Excerpt from Some Cardinal Points in Knowledge
Moreover, it is evident from the physical sciences, that the replica is capable of many analyses quite different from those sensations which give us our immediate knowledge of it, though always into constituents which derive their whole meaning from touch and stress sensations (pars. 24-32). [There follow here some remarks on Pragmatism, a doctrine very much in vogue at the present time (pars. 33-8).]
VI. We locate, in thought, consciousness within the organism, because it is within the organism that we cannot but locate its proximate real conditions as an existent (pars. 39-49).
VII. The elements which are inseparable from one another in all human empirical experience may be grouped under two heads, formal and material, the formal being those of time-duration and space-extension, and the material some mode or modes of feeling. But we cannot avoid conceiving the possibility of an indefinite variety of modes of consciousness other than our own, of which we can form no positive idea whatever (par. 50).
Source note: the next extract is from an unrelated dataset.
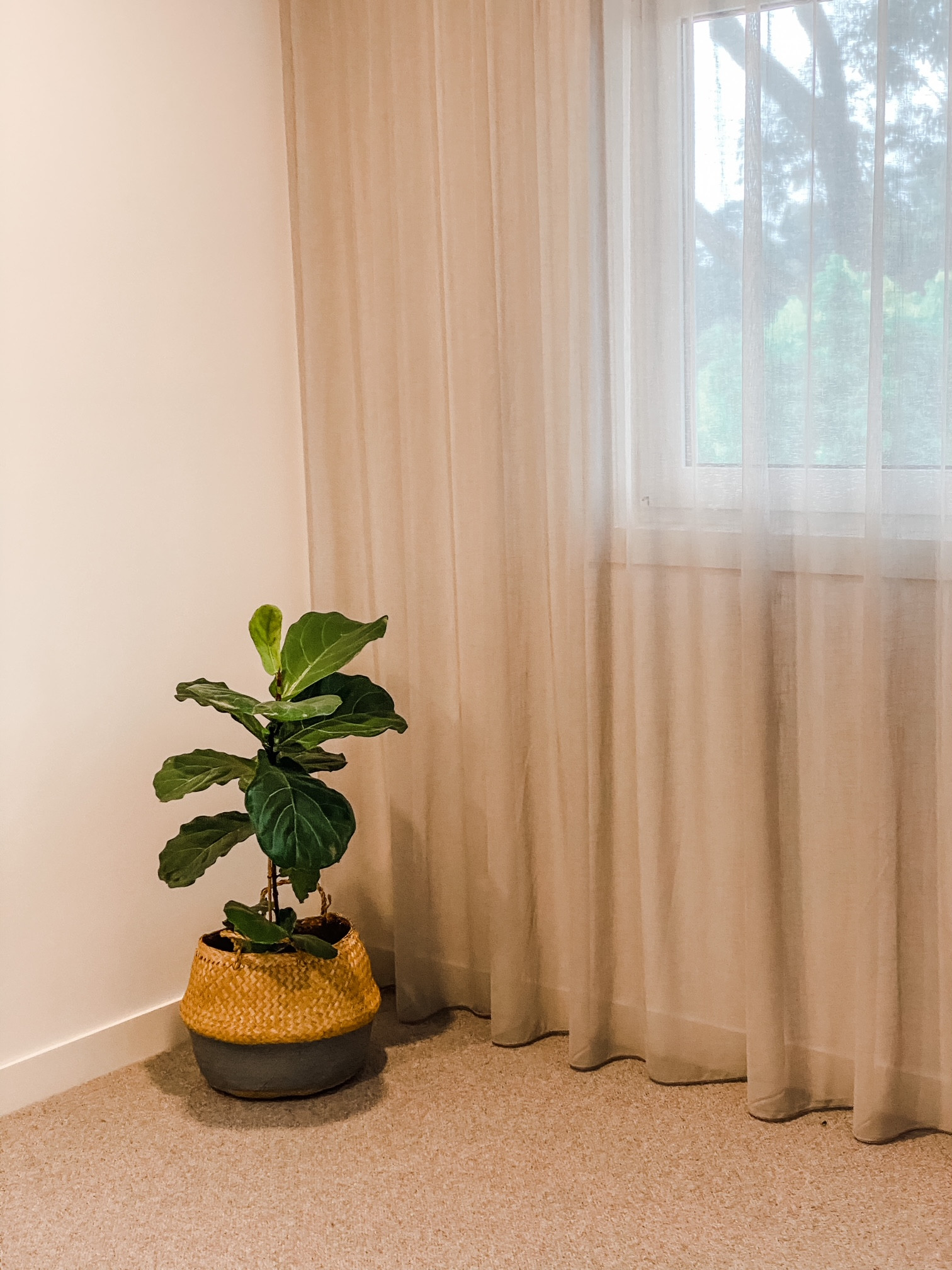 Blackburn North – Hampton-Inspired, Light-Filled & Energy Efficient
VIII. The Emotions are those modes of feeling, the existence of which is immediately conditioned upon intra-cerebral activities, just as that of sensations is upon stimuli received by the peripheral terminations of the neuro-cerebral system. Their specific qualities in point of kind are as incapable of being thought to be caused or conditioned, as those of sensation are. They have thus an equal title with the sensations, and with the formal co-elements of time and space, which are common to both, to rank as ultimate sources of man"s whole knowledge of Being and Existence, of the Universe and of Reality. We cannot avoid understanding the terms Being and Existence to mean that which, at the least, is knowable by some consciousness or other (pars. 51-5).
IX. Emotions are the motives (including in that term the unperceived activity of their proximate real conditions) of all Desire, Volition, Thought, and Conscious Action. When consciously adopted they are known as Final Causes (pars. 56-9).
X. Theology differs from Philosophy in having a special object of inquiry, viz. the Power which upholds the Totality of Being - not that Totality itself. It differs from Religion in not being emotional, but theoretical only (pars. 60-1).